Is it possible to combine prefer_high_scores and prefer_uncertain so that a combination of high score and mid score documents can be batched out

I would like to batch out a combination of high score documents and mid-score documents to annotators (roughly 9:1 ratio). I am not sure how it can be done. Currently, my relevant setup is as follows:

nlp = spacy.load(MODEL_PATH, disable=["parser", "ner"])
stream = get_stream_filter(source, db, dataset)
stream = add_tokens(nlp, prefer_high_scores(model_score(stream, nlp)))

where the model_score function is defined as follows:

def model_score(stream, nlp):
    for eg in stream:
        yield (nlp(eg["text"]).cats["COMPLIMENT"], eg)

Any pointers would be greatly appreciated! Thanks.

Hi!

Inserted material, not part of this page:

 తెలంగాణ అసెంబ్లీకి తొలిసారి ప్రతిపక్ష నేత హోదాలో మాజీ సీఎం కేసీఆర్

I think for a use case like that, you probably just want to write your own sorter function. Under the hood, the sorters like prefer_high_scores and prefer_uncertain are just functions that take a stream of (score, example) tuples and decide whether to yield and example. For instance:

def custom_sorter(scored_stream):
    for score, eg in scored_stream:
        # TODO: your conditional logic that decides whether to send 
        # out the example or not
        yield eg

Within that function, you can keep any state, like a counter of the high/uncertain scores you sent out previously to make sure you keep the same ratio. Depending on your data, you might also want to include logic to ensure that you don't get stuck in a suboptiomal state and stop sending out examples – for instance, if your model somehow only ends up producing super low scores. (In the built-in sorters, Prodigy uses an exponential moving average.)